Dataset section:
————

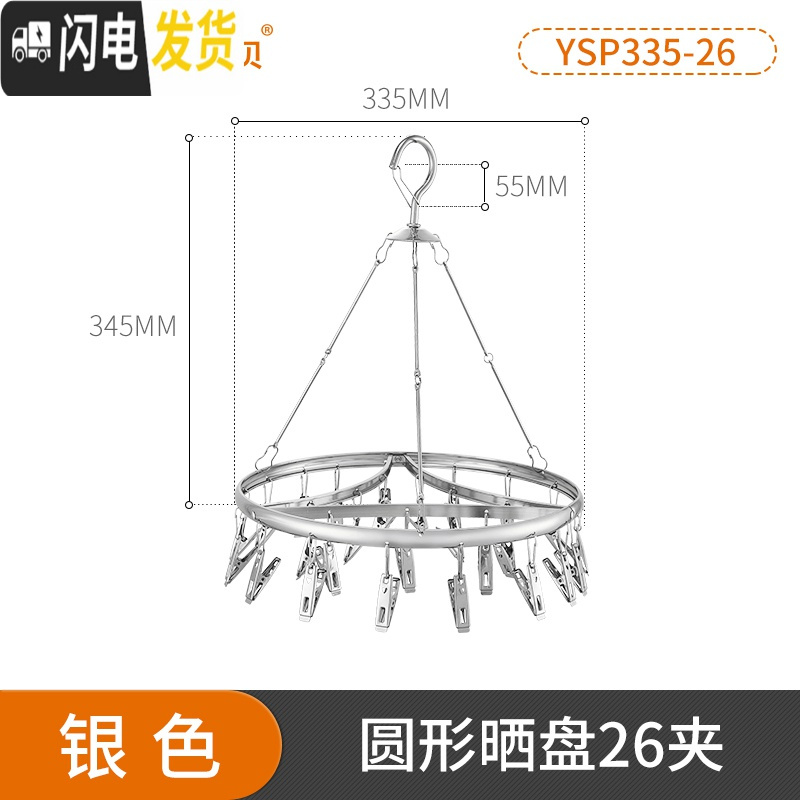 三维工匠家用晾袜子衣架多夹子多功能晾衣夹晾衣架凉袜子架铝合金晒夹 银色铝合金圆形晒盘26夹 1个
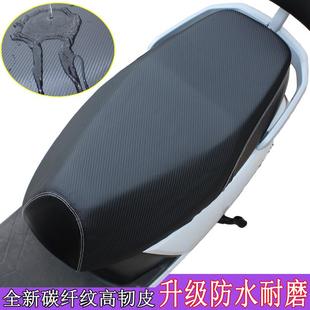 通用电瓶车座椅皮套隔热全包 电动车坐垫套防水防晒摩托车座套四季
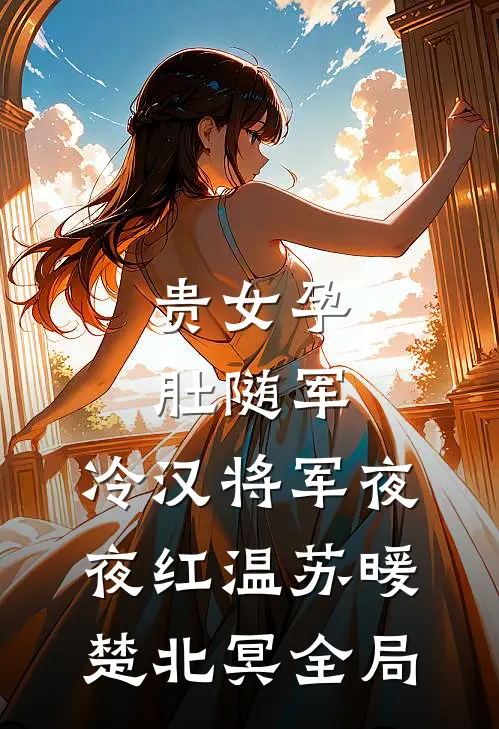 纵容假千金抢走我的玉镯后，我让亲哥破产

————

What is expected: Omitting the images, copy the listing exactly.

Final answer:
 三维工匠家用晾袜子衣架多夹子多功能晾衣夹晾衣架凉袜子架铝合金晒夹 银色铝合金圆形晒盘26夹 1个
 通用电瓶车座椅皮套隔热全包 电动车坐垫套防水防晒摩托车座套四季
 纵容假千金抢走我的玉镯后，我让亲哥破产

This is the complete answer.